Le féminin et le religieux par Catherine Chalier et Karima Berger
L’auteure
 et professeure de philosophie Catherine Chalier et l’écrivaine Karima Berger
 étaient réunies lundi 12 novembre à l’ESJ Lille afin d’interroger la place des
 femmes, et plus largement du féminin, dans la liturgie et l’histoire des
 religions, notamment dans le judaïsme et l’islam. L’occasion de comprendre
 comment la maîtrise du religieux questionne les rapports entre les genres. 
L’exclusion des femmes du travail interprétatif
 du Livre 
            De tout temps, les
 femmes se sont vues exclues de la tâche d’interprétation des textes de la religion
 juive. Cette exclusion des femmes de l’étude des textes sacrés influe
 directement sur la place qu’elles occupent dans la société, circonscrite à la
 gestion du foyer et à l’éducation des enfants. 
            Certains rabbins en
 font une question d’aptitude
 pure et simple.

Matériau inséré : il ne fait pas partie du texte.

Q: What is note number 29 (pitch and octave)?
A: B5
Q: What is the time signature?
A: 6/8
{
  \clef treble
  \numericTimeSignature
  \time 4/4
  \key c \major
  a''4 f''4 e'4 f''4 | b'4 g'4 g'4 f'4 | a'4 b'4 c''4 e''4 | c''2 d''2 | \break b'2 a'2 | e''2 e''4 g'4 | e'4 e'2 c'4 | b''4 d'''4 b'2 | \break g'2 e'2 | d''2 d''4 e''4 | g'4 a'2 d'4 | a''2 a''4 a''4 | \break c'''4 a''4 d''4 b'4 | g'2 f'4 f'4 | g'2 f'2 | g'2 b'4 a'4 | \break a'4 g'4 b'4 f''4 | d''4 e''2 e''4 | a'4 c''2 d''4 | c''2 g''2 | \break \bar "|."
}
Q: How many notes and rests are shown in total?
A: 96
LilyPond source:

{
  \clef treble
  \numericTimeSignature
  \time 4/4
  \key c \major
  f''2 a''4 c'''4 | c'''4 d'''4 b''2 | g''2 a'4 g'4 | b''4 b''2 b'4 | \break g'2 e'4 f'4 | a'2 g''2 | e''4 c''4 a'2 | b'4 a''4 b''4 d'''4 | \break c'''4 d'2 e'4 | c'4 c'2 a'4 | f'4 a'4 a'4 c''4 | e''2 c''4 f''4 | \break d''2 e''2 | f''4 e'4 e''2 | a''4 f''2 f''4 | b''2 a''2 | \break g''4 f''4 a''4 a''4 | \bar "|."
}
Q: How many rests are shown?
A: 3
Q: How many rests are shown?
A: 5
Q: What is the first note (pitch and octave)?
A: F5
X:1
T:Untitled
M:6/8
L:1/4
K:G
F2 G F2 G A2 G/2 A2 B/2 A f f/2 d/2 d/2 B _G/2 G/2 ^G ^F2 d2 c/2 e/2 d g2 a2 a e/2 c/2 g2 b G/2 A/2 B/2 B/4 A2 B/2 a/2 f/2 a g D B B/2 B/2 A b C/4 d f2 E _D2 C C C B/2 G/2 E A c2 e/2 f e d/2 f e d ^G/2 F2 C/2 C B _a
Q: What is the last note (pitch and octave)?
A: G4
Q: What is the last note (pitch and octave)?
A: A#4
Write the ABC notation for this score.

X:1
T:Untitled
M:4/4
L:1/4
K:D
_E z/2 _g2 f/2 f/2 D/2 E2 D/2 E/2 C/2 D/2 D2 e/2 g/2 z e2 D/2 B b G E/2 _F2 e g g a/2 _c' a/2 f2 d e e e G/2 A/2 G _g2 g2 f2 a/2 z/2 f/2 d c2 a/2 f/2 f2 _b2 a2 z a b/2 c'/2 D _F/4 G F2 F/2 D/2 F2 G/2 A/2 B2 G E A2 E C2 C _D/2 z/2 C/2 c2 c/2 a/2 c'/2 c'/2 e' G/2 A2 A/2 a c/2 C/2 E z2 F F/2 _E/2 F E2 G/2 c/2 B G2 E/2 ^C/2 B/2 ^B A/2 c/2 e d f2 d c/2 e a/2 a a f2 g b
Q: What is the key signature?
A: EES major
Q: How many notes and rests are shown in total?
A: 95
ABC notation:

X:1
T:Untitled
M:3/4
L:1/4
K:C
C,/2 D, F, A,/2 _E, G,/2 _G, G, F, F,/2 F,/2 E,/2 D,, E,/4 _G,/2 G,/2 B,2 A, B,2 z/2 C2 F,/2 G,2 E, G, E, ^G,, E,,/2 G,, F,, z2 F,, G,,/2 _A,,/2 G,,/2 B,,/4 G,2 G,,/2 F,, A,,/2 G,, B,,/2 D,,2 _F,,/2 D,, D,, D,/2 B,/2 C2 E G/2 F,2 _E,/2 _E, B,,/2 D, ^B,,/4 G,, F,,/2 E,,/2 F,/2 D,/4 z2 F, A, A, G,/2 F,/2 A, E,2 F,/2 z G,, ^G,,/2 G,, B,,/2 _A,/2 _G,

Mais l’argument de principe consiste encore à agiter le drapeau
 du conservatisme comme un garde-fou contre l’instabilité : ébranlez les places
 traditionnelles de chacun et c’est l’équilibre de toute une société qui s’en
 trouvera bouleversé.
Le regard déterminant des femmes sur les textes
 sacrés 
            Une fois le constat
 dressé,
 celui d’un silence imposé, Catherine Chalier parvient à distinguer différentes
 positions susceptibles d’être adoptées, en réaction, par les femmes. La
 première attitude se manifeste par l’intériorisation de certaines femmes d’une
 telle situation, condamnant sa remise en cause. A rebours de cette approche,
 d’autres femmes font le choix de l’oubli. Tirer un trait sur cet héritage sacré
 leur permet dans le même temps d’y laisser leur indignation à l’égard d’un
 texte qu’elles envisagent comme un fardeau. 
            Mais la solution est
 peut-être
 ailleurs. Selon Catherine Chalier, il apparait ainsi nécessaire que chaque
 femme puisse trouver dans l’héritage des textes religieux des éléments auxquels
 se raccrocher et leur donnant la force de se plonger dans un travail de questionnement
 et d’interprétation. 
Omniprésence de la figure féminine et
 dissimulation sacrée de la femme : le paradoxe de la culture islamique 
            Karima Berger met en
 lumière le
 paradoxe entre l’univers éminemment féminin entourant la vie du Prophète et le
 sort qui semble pourtant réservé aux femmes au sein de la culture islamique.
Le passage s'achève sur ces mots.